Analysis of ECM components, enzymes that degrade ECM and SASP factors
A focused analysis was undertaken on components of the ECM, the enzymes that degrade them and SASP factors within each sample (Fig. 5). Early passage cells from all three donors expressed high levels of Col1A1 as well as cartilage specific Col2A1 and ACAN. The latter two transcripts fell to extremely low levels in all terminal passage cultures, regardless of donor. Expression of collagen type I α1 chain (Col1A1) was more variable, with expression levels dropping to extremely low levels in terminal passage cells from the healthy donor, but with expression levels reduced to a lesser degree in cells from osteoarthritic joints (Fig. 5A).
Of the enzymes that degrade the ECM of cartilage, expression of MMP19 was increased in the late passage chondrocytes of all samples. Expression of ADAMTS4 and ADAMTS8 showed significant upregulation in late passage chondrocytes obtained from OA samples, but not in those obtained from healthy cartilage.

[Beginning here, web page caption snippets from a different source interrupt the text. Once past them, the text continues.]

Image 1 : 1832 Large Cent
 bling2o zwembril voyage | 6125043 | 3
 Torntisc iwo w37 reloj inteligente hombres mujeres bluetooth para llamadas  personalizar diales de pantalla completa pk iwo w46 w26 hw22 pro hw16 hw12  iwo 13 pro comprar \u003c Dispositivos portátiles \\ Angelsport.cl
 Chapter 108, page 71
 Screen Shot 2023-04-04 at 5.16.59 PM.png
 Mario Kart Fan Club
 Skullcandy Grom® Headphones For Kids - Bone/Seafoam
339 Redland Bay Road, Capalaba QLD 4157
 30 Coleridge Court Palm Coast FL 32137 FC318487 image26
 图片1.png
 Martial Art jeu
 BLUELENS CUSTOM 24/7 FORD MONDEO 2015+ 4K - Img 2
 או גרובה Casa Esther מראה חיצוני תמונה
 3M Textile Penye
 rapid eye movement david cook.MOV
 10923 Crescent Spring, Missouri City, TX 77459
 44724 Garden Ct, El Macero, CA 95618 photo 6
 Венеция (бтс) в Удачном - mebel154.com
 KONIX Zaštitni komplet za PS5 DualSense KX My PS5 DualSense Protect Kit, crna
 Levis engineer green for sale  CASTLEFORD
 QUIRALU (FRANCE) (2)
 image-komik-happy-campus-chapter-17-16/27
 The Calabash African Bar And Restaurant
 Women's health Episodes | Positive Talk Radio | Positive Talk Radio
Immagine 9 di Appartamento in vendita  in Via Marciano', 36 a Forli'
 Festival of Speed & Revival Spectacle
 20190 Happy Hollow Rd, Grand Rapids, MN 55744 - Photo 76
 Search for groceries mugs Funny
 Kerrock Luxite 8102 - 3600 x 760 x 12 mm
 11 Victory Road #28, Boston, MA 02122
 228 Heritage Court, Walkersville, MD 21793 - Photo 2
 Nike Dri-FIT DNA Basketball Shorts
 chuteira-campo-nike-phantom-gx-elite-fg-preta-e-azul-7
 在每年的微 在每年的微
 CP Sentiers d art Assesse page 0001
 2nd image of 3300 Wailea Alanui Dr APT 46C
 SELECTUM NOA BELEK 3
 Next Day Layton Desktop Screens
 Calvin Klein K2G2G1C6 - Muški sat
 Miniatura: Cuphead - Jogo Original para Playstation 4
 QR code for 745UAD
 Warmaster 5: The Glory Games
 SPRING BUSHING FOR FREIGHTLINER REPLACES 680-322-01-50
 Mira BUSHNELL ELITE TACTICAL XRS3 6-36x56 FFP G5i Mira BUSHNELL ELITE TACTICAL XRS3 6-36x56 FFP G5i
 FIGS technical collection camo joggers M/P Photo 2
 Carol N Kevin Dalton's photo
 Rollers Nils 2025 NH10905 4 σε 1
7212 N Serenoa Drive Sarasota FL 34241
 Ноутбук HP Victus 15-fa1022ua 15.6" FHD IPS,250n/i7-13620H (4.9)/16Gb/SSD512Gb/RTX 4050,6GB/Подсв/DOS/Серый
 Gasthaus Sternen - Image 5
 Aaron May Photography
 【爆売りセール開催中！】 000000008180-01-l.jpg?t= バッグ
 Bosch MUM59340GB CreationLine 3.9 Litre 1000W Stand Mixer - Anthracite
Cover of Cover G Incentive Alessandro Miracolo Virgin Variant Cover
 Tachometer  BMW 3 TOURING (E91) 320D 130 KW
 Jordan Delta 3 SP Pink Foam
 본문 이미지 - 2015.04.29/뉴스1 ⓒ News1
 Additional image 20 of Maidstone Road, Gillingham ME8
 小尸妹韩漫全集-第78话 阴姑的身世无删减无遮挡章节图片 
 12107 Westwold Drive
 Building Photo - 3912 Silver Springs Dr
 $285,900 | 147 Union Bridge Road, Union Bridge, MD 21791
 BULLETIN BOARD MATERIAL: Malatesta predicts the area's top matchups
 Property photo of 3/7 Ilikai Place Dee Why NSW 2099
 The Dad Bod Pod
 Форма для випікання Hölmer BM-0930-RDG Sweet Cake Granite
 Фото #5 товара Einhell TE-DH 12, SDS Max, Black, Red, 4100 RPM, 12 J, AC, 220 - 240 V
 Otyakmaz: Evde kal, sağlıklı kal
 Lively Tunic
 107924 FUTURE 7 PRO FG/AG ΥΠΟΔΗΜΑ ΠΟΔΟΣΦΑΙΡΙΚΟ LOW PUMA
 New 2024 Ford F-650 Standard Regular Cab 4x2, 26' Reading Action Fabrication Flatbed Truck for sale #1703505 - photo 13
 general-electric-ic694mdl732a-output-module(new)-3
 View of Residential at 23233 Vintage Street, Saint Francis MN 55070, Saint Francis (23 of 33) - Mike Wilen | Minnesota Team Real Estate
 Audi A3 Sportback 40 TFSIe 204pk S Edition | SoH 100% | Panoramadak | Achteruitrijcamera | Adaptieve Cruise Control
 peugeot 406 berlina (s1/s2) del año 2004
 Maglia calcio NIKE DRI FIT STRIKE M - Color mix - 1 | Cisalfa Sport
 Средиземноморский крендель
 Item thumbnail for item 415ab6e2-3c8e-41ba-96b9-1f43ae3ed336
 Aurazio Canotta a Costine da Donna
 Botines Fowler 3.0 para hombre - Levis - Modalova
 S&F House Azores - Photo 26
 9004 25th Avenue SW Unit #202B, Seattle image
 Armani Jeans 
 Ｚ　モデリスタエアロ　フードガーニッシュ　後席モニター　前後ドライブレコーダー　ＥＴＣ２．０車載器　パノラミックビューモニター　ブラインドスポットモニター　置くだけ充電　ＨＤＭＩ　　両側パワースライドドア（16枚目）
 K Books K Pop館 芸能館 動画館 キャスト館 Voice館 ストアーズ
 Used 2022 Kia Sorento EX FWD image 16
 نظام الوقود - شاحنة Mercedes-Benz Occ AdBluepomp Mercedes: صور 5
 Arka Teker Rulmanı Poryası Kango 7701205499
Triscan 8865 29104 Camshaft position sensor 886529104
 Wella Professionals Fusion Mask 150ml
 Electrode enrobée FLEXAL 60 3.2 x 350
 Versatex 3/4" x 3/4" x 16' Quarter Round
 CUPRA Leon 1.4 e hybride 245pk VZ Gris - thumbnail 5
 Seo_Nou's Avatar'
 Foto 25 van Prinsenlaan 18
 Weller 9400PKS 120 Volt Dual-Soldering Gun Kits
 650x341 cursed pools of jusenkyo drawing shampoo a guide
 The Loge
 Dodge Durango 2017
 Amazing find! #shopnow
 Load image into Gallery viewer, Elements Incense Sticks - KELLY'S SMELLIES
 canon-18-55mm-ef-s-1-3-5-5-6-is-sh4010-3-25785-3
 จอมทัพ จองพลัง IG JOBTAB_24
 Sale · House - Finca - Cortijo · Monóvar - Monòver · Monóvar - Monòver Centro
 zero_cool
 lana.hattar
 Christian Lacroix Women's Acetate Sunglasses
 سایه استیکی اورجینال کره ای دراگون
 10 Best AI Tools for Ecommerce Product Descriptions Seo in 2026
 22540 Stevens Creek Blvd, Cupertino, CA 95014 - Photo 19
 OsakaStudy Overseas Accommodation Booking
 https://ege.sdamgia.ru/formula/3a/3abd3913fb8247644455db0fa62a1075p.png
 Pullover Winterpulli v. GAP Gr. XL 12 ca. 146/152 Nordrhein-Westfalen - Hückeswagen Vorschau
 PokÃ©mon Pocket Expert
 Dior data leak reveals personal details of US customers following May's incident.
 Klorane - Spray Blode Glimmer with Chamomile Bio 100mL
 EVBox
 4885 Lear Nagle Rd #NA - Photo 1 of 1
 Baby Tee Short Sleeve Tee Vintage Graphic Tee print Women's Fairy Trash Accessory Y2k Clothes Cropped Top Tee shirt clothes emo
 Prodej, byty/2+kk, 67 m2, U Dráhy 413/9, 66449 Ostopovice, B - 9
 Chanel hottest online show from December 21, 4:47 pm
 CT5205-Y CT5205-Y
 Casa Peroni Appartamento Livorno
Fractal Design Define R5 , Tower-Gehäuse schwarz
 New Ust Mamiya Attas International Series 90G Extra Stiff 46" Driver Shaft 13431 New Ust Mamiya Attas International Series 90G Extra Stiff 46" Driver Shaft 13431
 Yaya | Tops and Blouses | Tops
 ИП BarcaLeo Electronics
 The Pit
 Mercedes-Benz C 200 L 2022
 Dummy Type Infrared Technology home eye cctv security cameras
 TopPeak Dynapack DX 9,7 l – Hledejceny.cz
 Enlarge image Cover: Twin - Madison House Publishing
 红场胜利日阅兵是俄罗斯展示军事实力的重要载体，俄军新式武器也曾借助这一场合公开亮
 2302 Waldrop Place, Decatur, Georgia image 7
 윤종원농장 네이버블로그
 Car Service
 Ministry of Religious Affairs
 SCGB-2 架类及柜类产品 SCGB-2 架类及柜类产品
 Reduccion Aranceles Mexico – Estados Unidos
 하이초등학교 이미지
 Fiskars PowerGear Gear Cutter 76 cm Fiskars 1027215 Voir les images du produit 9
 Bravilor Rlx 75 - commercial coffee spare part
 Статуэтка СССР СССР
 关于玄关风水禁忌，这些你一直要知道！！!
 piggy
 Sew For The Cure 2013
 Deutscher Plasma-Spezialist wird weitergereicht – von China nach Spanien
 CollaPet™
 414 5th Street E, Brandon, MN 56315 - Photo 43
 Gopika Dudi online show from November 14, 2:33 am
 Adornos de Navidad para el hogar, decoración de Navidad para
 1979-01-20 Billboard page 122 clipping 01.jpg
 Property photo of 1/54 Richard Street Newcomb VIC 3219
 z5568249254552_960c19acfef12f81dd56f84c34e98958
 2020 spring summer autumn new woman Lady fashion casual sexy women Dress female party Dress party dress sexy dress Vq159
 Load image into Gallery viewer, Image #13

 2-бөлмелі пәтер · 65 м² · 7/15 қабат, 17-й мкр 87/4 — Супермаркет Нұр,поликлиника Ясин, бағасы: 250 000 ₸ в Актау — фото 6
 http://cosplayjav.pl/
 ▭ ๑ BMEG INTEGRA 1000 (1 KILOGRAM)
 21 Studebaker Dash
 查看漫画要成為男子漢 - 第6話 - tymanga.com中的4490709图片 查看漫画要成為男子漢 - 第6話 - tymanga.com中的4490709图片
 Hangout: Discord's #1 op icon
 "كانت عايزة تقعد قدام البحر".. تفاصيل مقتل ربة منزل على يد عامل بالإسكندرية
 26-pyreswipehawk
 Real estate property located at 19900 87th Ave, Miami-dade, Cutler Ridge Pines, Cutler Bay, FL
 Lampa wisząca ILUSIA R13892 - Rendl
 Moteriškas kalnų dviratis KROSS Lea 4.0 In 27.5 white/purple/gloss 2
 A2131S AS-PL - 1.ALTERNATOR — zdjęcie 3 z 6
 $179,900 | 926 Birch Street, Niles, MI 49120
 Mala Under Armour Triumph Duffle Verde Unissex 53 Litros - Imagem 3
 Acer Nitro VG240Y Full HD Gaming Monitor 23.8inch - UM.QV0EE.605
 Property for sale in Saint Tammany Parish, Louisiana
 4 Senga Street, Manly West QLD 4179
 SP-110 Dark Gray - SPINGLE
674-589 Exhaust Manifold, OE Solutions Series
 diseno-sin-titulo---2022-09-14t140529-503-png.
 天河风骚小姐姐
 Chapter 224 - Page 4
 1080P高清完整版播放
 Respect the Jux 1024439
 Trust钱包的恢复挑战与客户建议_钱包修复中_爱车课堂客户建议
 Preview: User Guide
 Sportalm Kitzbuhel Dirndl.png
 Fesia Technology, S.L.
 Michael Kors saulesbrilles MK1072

Expression of transcripts associated with the SASP (p16INK4A, p21CIP1, p53,) was variable. Expression of p16INK4A did not differ between early and late passage cells derived from normal cartilage. Expression in chondrocytes derived from joints with OA was lower than that in chondrocytes from young, healthy cartilage but increased considerably in late passage cells. Expression of p21CIP1 showed the opposite trend, being higher in early passage chondrocytes derived from joints with OA than in early passage cells from young, healthy cartilage, but lower in late passage OA samples than in late passage samples from young, healthy joints. Expression of p53 decreased with passage to varying degrees in all cultures (Fig. 5B).
Among the cytokine components of SASP, IL-1α expression increased in all cultures with passage. Expression of IL-1β did not increase with passage of chondrocytes derived from young, healthy joints but increased in chondrocytes derived from OA cartilage. Whereas IL-6 expression was roughly similar in early passage cells of all sources, it increased considerably with passage of chondrocytes derived from joints with OA, but fell in chondrocytes derived from healthy joints. IL-7 expression increased in all late passage samples. TNFα expression was barely detectable in any culture. C-C motif chemokine ligand 2 (CCL2) was upregulated in the late passage of chondrocytes derived from patients with OA, but not those derived from healthy cartilage.